Alles, was im Unternehmen einen digitalen Wert besitzt wird durch Zugriffs- oder Anmeldedaten – Secrets – geschützt.
(© fergregory - stock.adobe.com)

Die Verwaltung und Absicherung dieser Secrets stellt IT-Abteilungen vor allem ob ihrer schieren Menge und Verbreitung in den Unternehmenssystemen vor große Herausforderungen, kann mit einem zentralen, schrittweise umgesetzten Secrets-Management jedoch gut gelingen.

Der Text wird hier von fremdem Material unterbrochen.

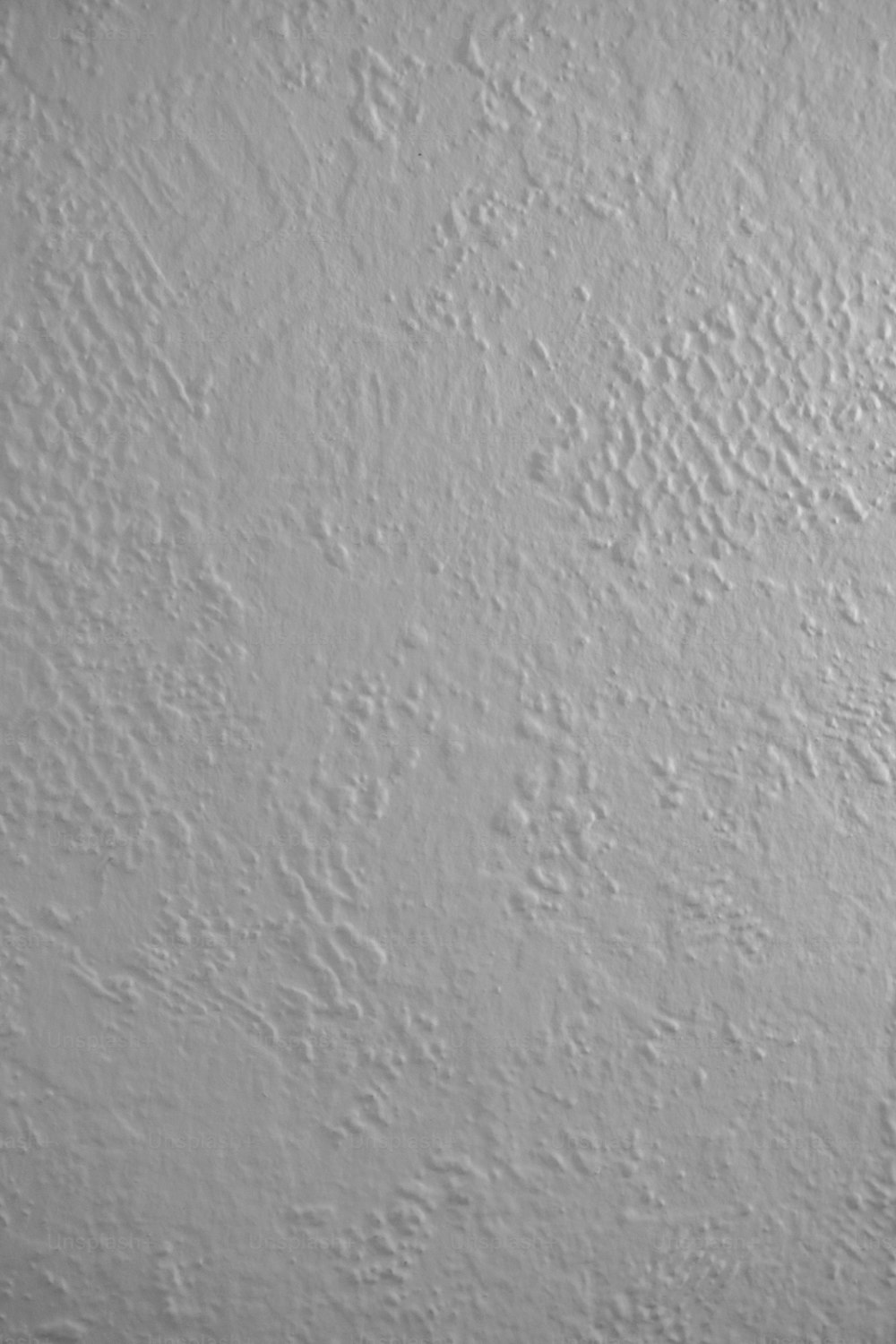 a black and white photo of a white wall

Was versteht man unter einem Secret?

Unter dem in der PAM-Branche mittlerweile gängigen Begriff Secret fasst man alle Arten von digitalen Authentifizierungsnachweisen zusammen. Dazu zählen Benutzerpasswörter, Anwendungs- und Datenbankpasswörter, automatisch generierte sowie private Verschlüsselungsschlüssel, API-Keys, Anwendungsschlüssel, SSH-Keys, Autorisierungs-Token und private Zertifikate (z. B. TLS, SSL). Jeder Secret-Typ erfüllt dabei einen anderen bestimmten Zweck, sei es die Speicherung, Verarbeitung oder Übertragung von sensiblen Informationen oder die Gewährung des Zugriffs auf sensible, geschäftskritische IT-Ressourcen.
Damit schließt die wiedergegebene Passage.